TensorRT-LLM optimizes LLM inference performance on Nvidia GPUs in four ways: inclusion of ready-to-run, inference-optimized versions of the latest LLMs; a software library that allows inference versions of LLMs to run simultaneously on multiple GPUs and servers; in-flight batching, a new scheduler that improves GPU utilization; and optimization to take advantage of the H100’s Transformer Engine. The software is expected to significantly speed up live applications running on LLMs powered by Nvidia GPUs, including the flagship H100 accelerator.
Key takeaways:
- Nvidia is planning to release a new open-source software library, TensorRT-LLM, which is expected to double the performance of the H100 for running inference on large language models (LLMs).

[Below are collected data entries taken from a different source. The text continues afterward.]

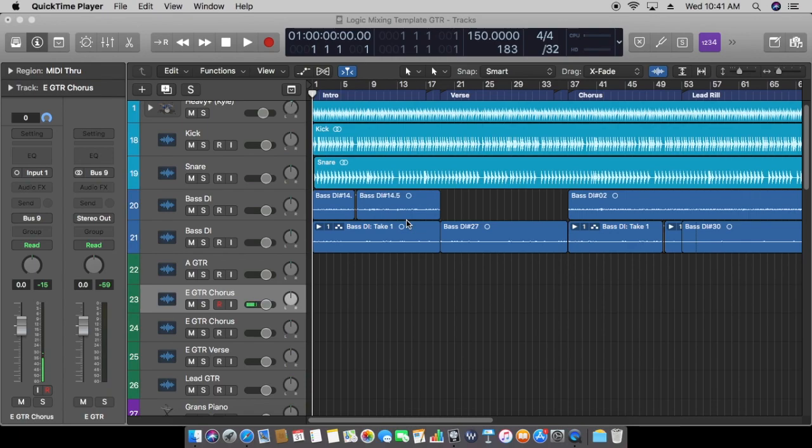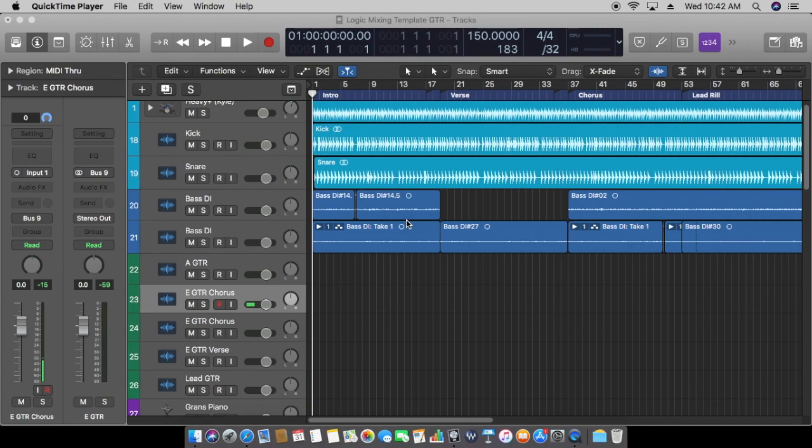After you're all done recording your bass, if you miss a few notes on hitting the kick drum, don't worry. You can always go back with time stretch so it lines up with the kick.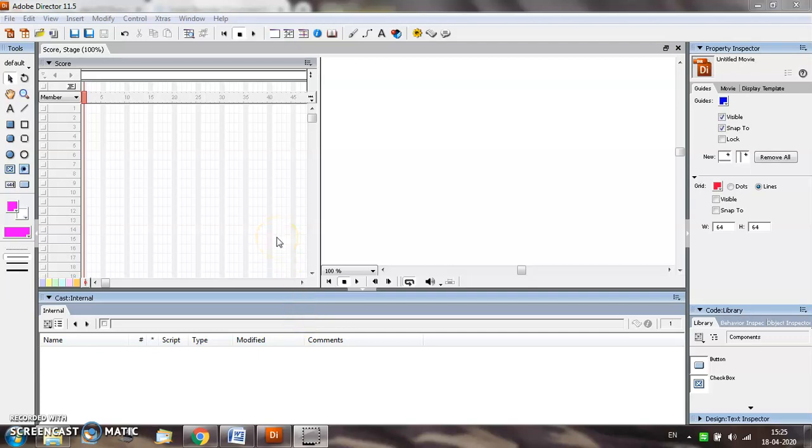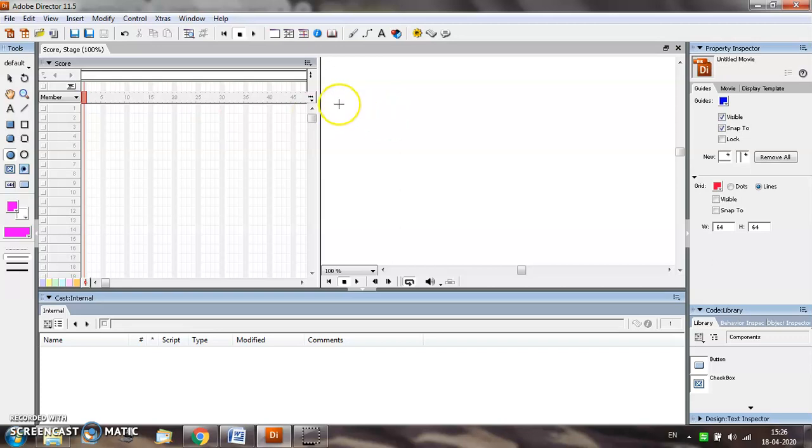Hi everyone, in this tutorial you will learn how to animate two objects on the screen. First you need to draw the object. I am drawing a filled ellipse on the stage window.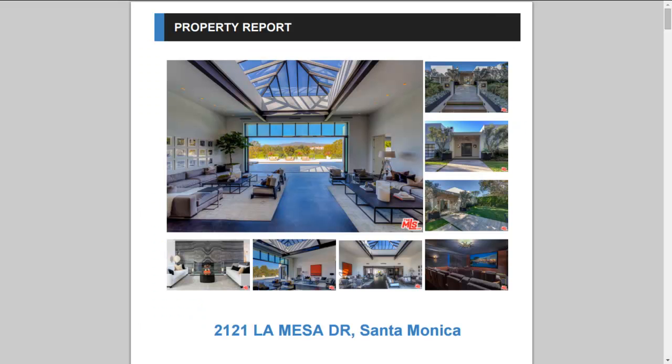So remember, property reports are a great and easy way to provide your client with a comprehensive report on any individual property.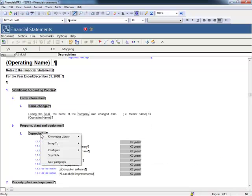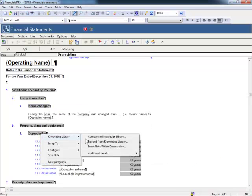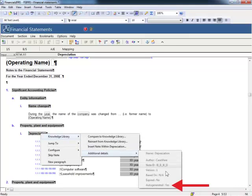On the other hand, if I right-click on the following heading, you will notice that this note was auto-generated.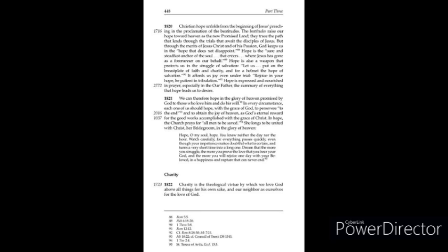In hope the church prays for all men to be saved. She longs to be united with Christ, her bridegroom in the glory of heaven.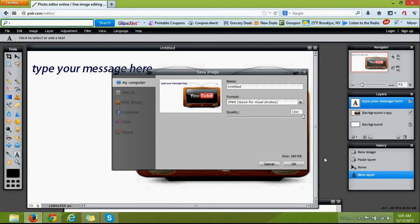You know, JPEG is good for most photos. You don't have to change that if you don't want. You can make it a PNG if you want. I'll just leave it alone personally. So you want 100% quality, and it's going to say Working. And when it's finished, it's going to say OK. So if you hit OK now, it's going to save this image as Untitled. I'm personally not going to do that because I already made my image.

- The software will be integrated into the Nvidia NeMo LLM framework as part of the Nvidia AI Enterprise software suite and will support several Nvidia GPUs beyond the H100.
- TensorRT-LLM optimizes LLM inference performance on Nvidia GPUs in four ways: inclusion of ready-to-run, inference-optimized versions of the latest LLMs; a software library that allows LLMs to automatically run on multiple GPUs and servers; in-flight batching for improved GPU utilization; and optimization for the H100’s Transformer Engine.
- With TensorRT-LLM, an H100 can perform inference two times faster than a regular H100 and eight times faster than the previous-generation A100, leading to improved power efficiency.